+++ THE RECORDS +++

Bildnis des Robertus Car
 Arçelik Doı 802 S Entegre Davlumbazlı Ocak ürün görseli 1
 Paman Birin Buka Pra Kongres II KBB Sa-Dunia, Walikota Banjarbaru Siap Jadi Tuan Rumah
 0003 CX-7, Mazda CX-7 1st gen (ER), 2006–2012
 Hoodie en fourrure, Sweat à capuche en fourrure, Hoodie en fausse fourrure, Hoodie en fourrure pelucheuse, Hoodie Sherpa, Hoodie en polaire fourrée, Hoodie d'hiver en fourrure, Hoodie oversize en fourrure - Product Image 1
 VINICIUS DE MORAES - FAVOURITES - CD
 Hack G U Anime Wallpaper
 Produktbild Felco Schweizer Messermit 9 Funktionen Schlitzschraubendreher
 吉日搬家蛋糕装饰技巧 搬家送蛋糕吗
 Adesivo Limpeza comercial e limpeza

+++

Would you give the material above again, complete and exact?

● RESPONSE BOX:
Bildnis des Robertus Car
 Arçelik Doı 802 S Entegre Davlumbazlı Ocak ürün görseli 1
 Paman Birin Buka Pra Kongres II KBB Sa-Dunia, Walikota Banjarbaru Siap Jadi Tuan Rumah
 0003 CX-7, Mazda CX-7 1st gen (ER), 2006–2012
 Hoodie en fourrure, Sweat à capuche en fourrure, Hoodie en fausse fourrure, Hoodie en fourrure pelucheuse, Hoodie Sherpa, Hoodie en polaire fourrée, Hoodie d'hiver en fourrure, Hoodie oversize en fourrure - Product Image 1
 VINICIUS DE MORAES - FAVOURITES - CD
 Hack G U Anime Wallpaper
 Produktbild Felco Schweizer Messermit 9 Funktionen Schlitzschraubendreher
 吉日搬家蛋糕装饰技巧 搬家送蛋糕吗
 Adesivo Limpeza comercial e limpeza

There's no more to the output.